Exercise objective: From the entries below, return exactly the lines beginning at the one that contains "רוסיה: לפחות 10 הרוגים בפיגוע ברכבת התחתית" and ending at the one that contains "NOBUNAGA リケーブル ECLIPSE (エクリプス) (4.4mm5極バランス", both of them included, and only those lines.

Data shown:
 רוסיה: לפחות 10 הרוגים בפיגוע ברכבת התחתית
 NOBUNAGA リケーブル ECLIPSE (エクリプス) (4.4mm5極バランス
* * *
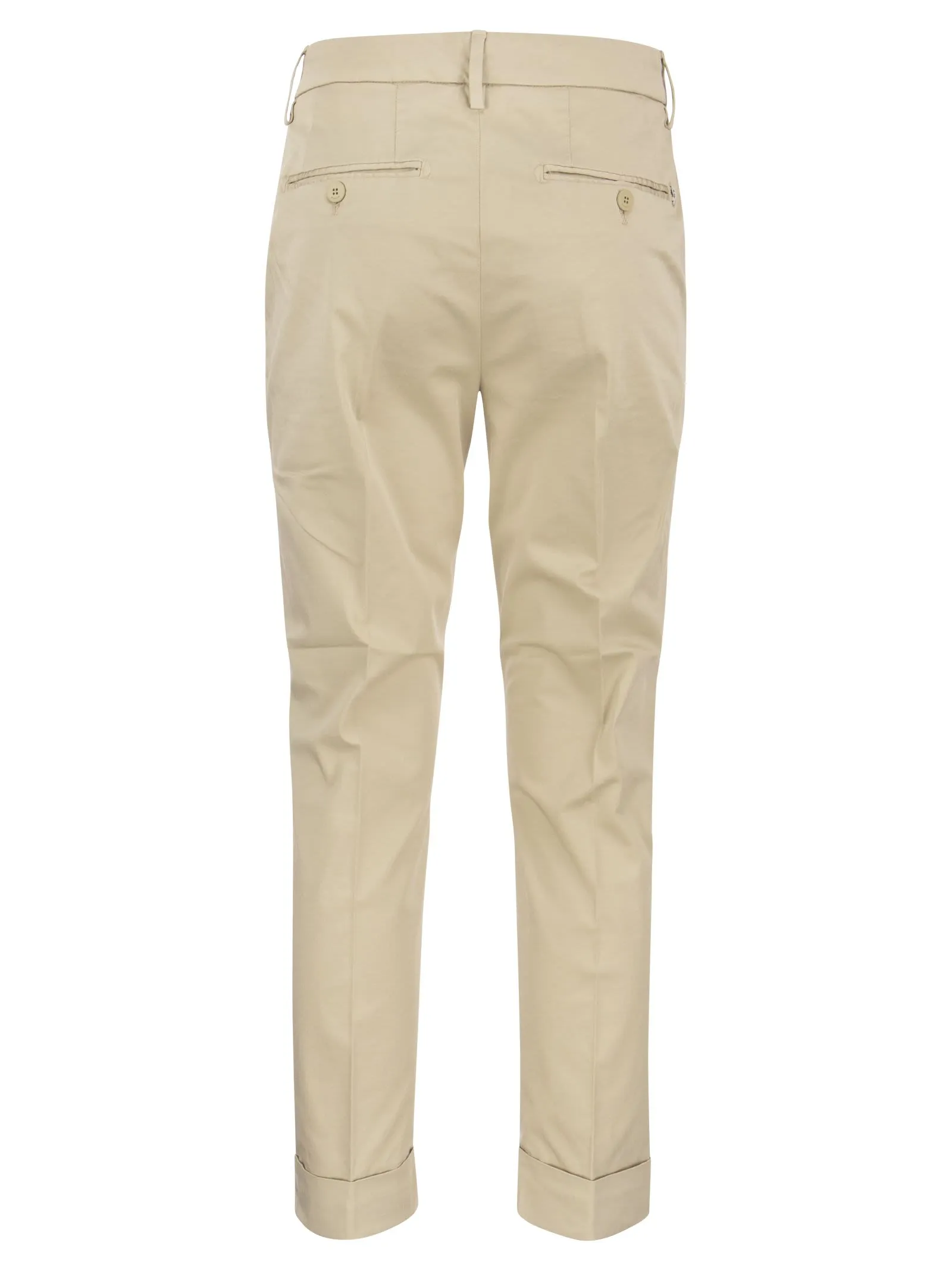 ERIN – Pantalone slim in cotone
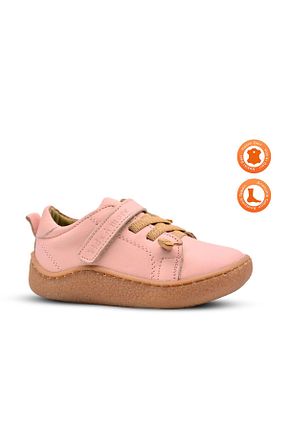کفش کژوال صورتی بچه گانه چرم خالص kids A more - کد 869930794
--
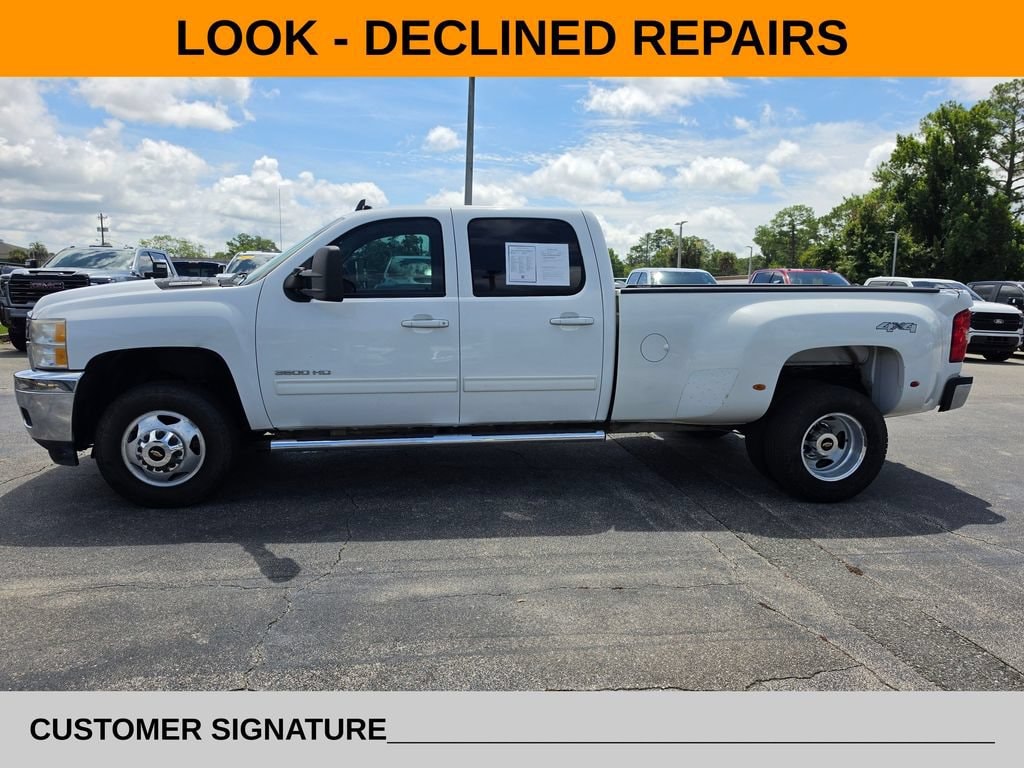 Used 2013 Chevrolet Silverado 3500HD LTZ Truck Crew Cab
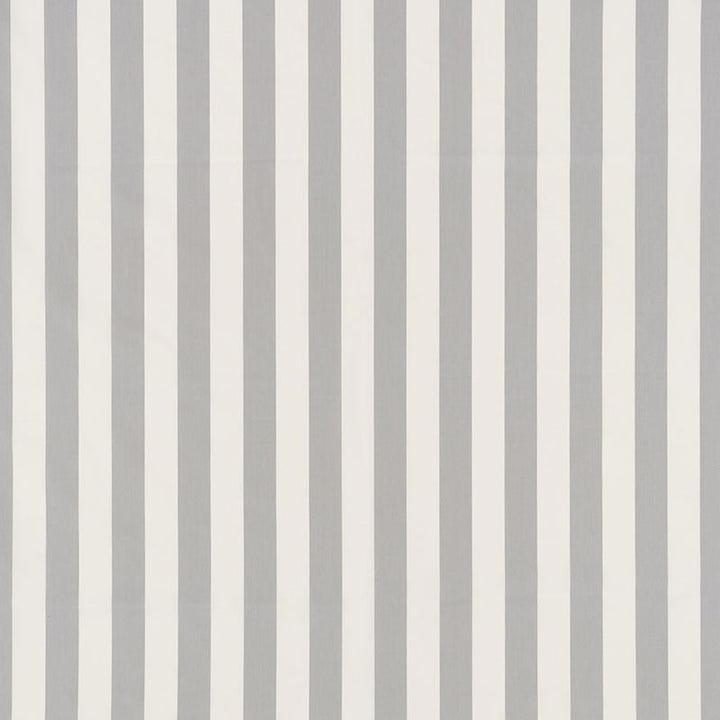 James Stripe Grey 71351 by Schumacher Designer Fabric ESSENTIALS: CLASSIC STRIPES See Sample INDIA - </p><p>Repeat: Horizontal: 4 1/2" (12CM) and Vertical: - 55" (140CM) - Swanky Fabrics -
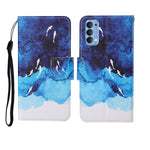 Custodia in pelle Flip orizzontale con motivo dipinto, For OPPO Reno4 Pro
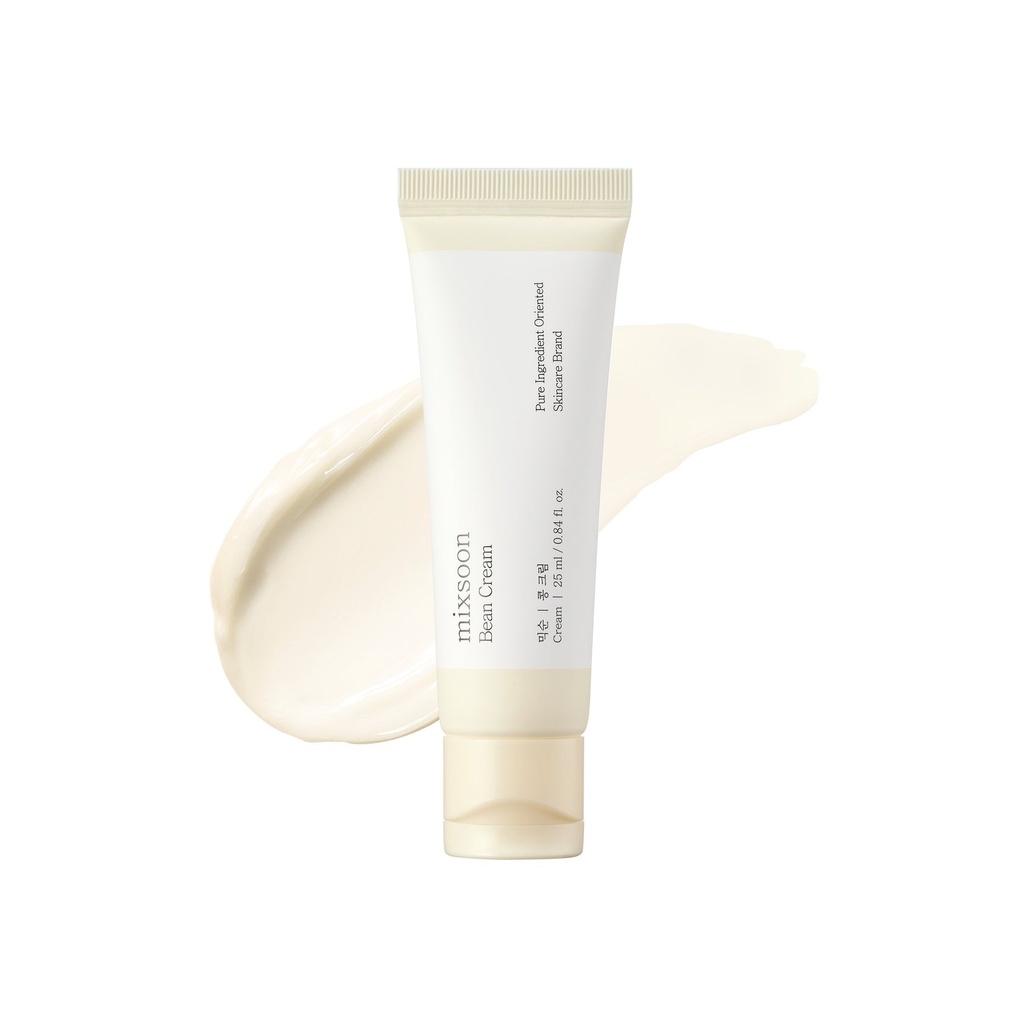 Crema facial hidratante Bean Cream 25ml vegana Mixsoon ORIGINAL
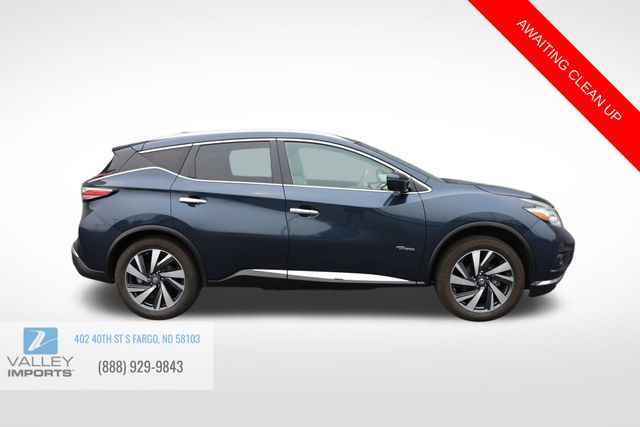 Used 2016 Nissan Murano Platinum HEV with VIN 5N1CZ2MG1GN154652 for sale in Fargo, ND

Exercise answer:
 רוסיה: לפחות 10 הרוגים בפיגוע ברכבת התחתית
 NOBUNAGA リケーブル ECLIPSE (エクリプス) (4.4mm5極バランス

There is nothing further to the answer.